Remember the old days? When you’d schlepp your albums to your friend’s house, insisting that he just had to hear THIS? I’ll never forget listening to "Flower Punk" on "We’re Only In It For The Money", where two tales are being told at the end of the track in the respective channels… How did Zappa come up with this shit?
That’s what we were always thinking. Yes, which is still not in the Rock & Roll Hall of Fame… When "Roundabout" hit the airwaves, it was unique. Remember when Tull did "Thick As A Brick"? A whole album, one song? The artists were set free! If there was a man, they didn’t listen to him.

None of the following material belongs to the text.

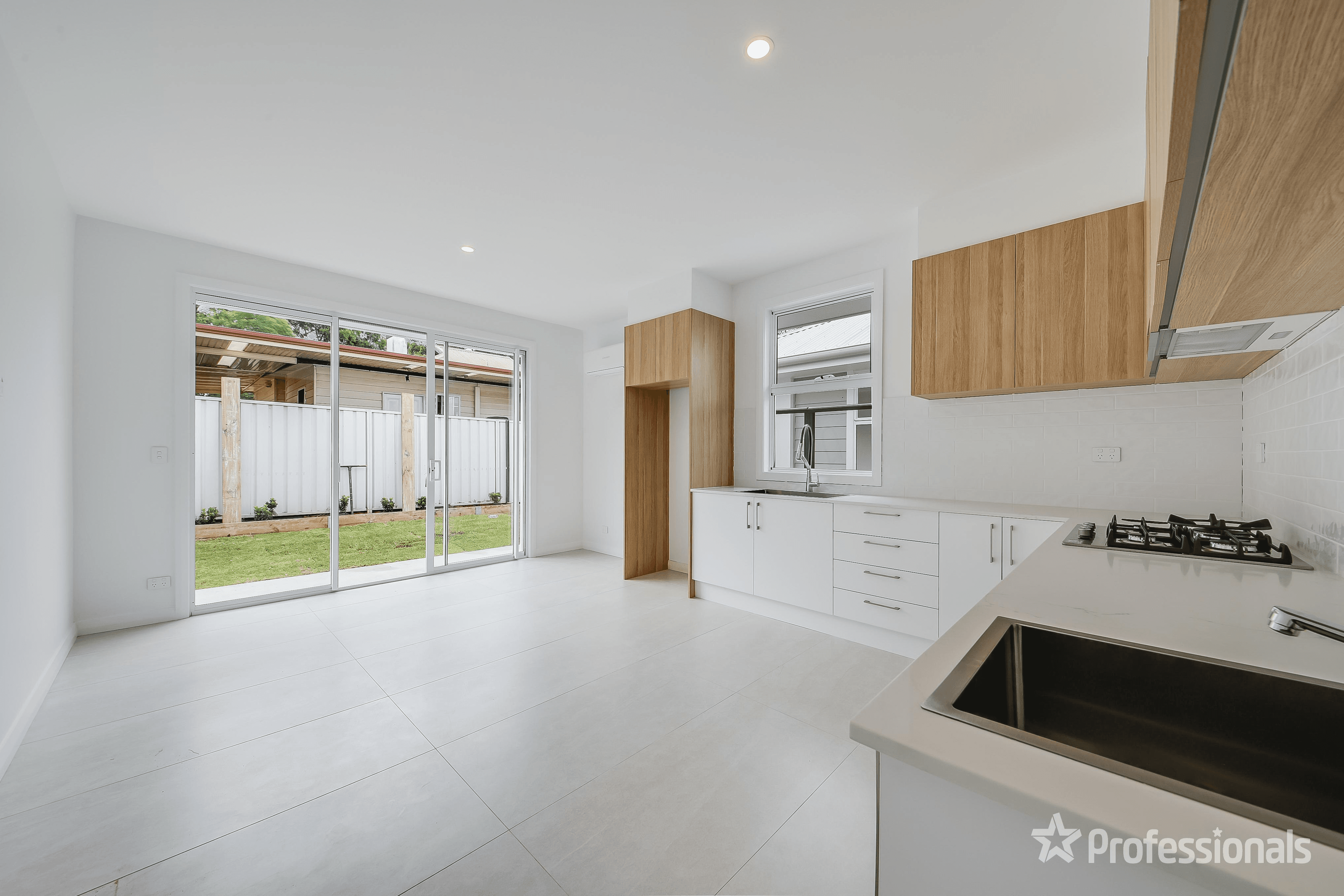 10a Mallee Close, NARELLAN VALE, NSW 2567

It’s so different from today. Where everybody in music thinks about money first and creativity second. That’s reversed.
Great art is always about conception. That’s what built Jackson Pollock’s career. Anybody could drip paint on a canvas, but he was the only one to think of it!
Not every idea is good. But you’re better off coming up with a good one than endlessly posting on Facebook.
Then again, one advantage Howard Stern has is he’s on the radio every day (even if it’s repeats!) He’s in your mind, he can fight back if he’s abused. That’s a modern celebrity. The days of wandering down from your castle every once in a while to make a pronouncement, keeping the public, your fans, at bay, are done. You’ve got to get down in the pit!
Stardom is completely different today. Anyone can be famous. Just ask Snooki or Kim Kardashian. But a real star has substance. And it’s this innovation, this mental capacity to put us through the bends, that elicits reverence.
You don’t have to be perfect, you don’t have to be slick, you just have to get us looking at the world in a different way.